Sterol content, synthesis, and distribution. (A) Expression of ergosterol-related genes, measured by RT-qPCR and normalized to ACT1 expression and WT values. The mean ± SEM of three independent experiments is shown. ns, not significant. ****P < 0.0001, ***P < 0.001, and **P < 0.01 by one-way analysis of variance. (B) Lipid profile assessed by thin layer chromatography. Left, a representative thin layer chromatograph, showing two independent biological replicate sample sets. Lane 1, 5 µg/mL ergosterol standard; lane 2, 10 µg/mL cholesteryl oleate standard; lanes 3 and 6, WT; lanes 4 and 7, ysp2∆; lanes 5 and 8, YSP2; 9, vehicle control. O, origin; F, solvent front; Erg, ergosterol; DAG, diacylglycerols; FA, fatty acids; TAG, triacylglycerols; SE, steryl esters. Right, relative lipid abundance. Mean ± SEM of cellular lipids [identified as in reference (41)], measured by densitometry and normalized to total protein (Fig. S6A) are shown for four independent experiments. ***P < 0.001, and **P < 0.01 by one-way analysis of variance. (C) Nile Red staining. Left, representative fluorescence images of WT and mutant strains. All images are to the same scale; bar, 5 µm.
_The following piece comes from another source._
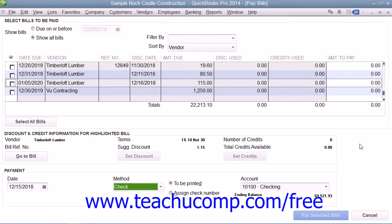If you take advantage of discounts for early payment offered by some vendors, you can record the discounts directly within the Pay Bills window when you pay the bills by the date specified by your vendor's terms. This allows you to let QuickBooks track the discount amounts. You can manually take this discount as you pay the bill within the Pay Bills window if you do not have QuickBooks set up to automatically take vendor discounts and credits.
Right, ∆MFI (change in median fluorescent intensity) from flow cytometry profiles of the indicated strains. Mean ± SD, normalized to WT, is shown for three independent experiments. **P < 0.01 by one-way analysis of variance.

Fig 7

Antifungal drug interactions with ysp2∆ cells. (A) Amphotericin B-Cy5 binding measured by flow cytometry. Mean ± SD of change in median fluorescent intensity (∆MFI), normalized to WT, is shown for three independent experiments. ns, not significant; ***P < 0.001 by one-way analysis of variance. (B) Mutant response to fluconazole (FLC). Cells were grown in 37R5 with FLC as indicated and OD₆₀₀ measured at 48 h. Mean ± SEM of three independent experiments is shown. ysp2*, inactivated mutant. (C) Cells were grown in 37R5, and the fraction with aberrant cell walls was quantified at 24 h. Seventy cells were scored per condition.

Fig 8

Model of Ysp2 function and how its absence influences plasma membrane and cell wall morphology. CW, cell wall.